“Only once?”
“No,” said Sam stoutly. “If you really want the truth, every day; every blessed single day, and several times a day. Now laugh!”
“No; I’m going to laugh at you all the rest of my life, but not to-night. You’re a darling, and I suppose,” said Kay thoughtfully, “I’d better go and tell uncle so, hadn’t I, if he has got back?”
“Tell your uncle?”
“Well, he likes to know what’s going on around him in the home.”
“But that means that you’ll have to go in.”
“Only for a minute. I shall just pop my head in at the door and say ‘Oh, uncle, talking of Sam, I love him.’”
“Look here,” said Sam earnestly, “if you will swear on your word of honour—your sacred word of honour—not to be gone more than thirty seconds——”
“As if I could keep away from you longer than that!” said Kay.

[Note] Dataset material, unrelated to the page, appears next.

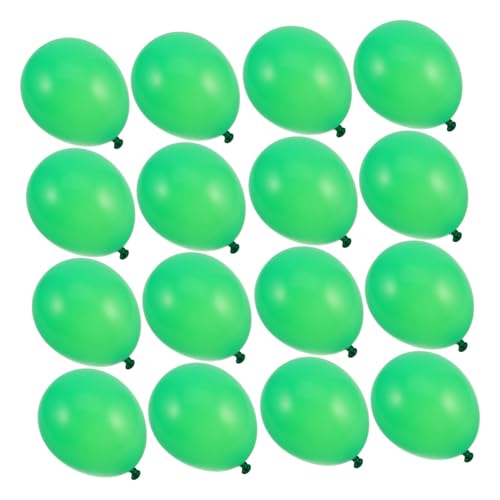 Vaguelly 50 Stück Grüner Ballon Grüne Luftballons Festival-hintergrunddekoration Luftballons Fallen St Pattys Dekorationen Partydekorationen Zum St. Patricks Day Partyballons Emulsion Green von Vaguelly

Left alone in a bleak world, Sam found his thoughts taking for a while a sombre turn. In the exhilaration of the recent miracle which had altered the whole face of the planet, he had tended somewhat to overlook the fact that for a man about to enter upon the sacred state of matrimony he was a little ill equipped with the means of supporting a home. His weekly salary was in his pocket, and a small sum stood to his credit in a Lombard Street bank; but he could not, he realised, be considered an exceptionally good match for the least exacting of girls. Indeed, at the moment, like the gentleman in the song, all he was in a position to offer his bride was a happy disposition and a wild desire to succeed.